▶ _Exercise requirements_
Using the listing below, copy exactly each line from the one that has "An Olive Level" through the one that has "ein Esszimmer mit"; omit the pictures.

▶ _Supplied material_

# # # # # # #

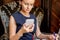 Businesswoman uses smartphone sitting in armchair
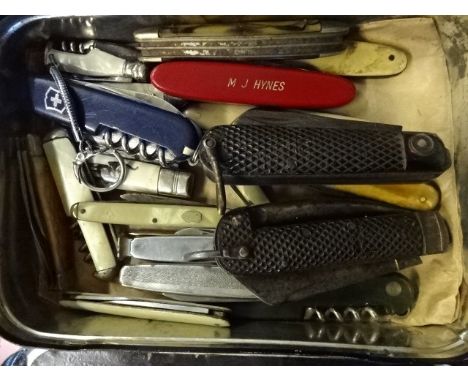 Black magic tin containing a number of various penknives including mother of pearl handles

# # # # # # #

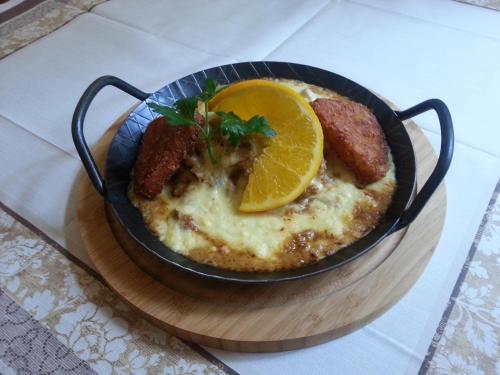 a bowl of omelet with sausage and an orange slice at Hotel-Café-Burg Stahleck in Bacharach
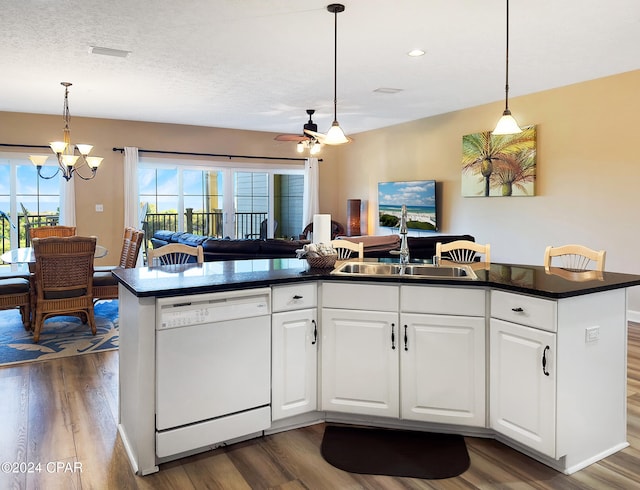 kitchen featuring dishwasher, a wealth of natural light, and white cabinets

# # # # # # #

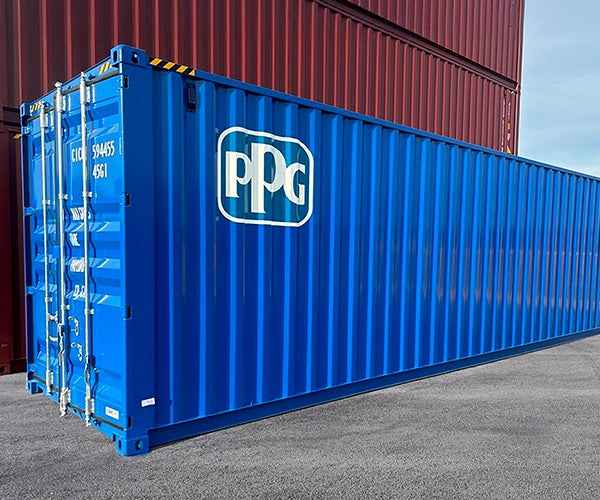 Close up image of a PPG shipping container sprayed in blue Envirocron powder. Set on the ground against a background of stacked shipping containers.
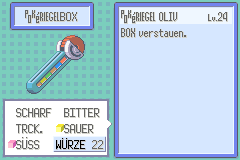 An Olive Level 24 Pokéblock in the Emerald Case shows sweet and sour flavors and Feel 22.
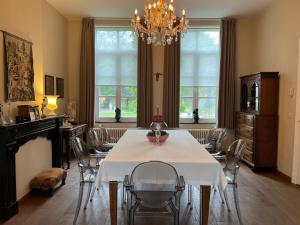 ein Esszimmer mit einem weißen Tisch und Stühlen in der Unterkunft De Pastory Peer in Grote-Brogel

# # # # # # #

▶ _Output of the exercise_
 An Olive Level 24 Pokéblock in the Emerald Case shows sweet and sour flavors and Feel 22.
 ein Esszimmer mit einem weißen Tisch und Stühlen in der Unterkunft De Pastory Peer in Grote-Brogel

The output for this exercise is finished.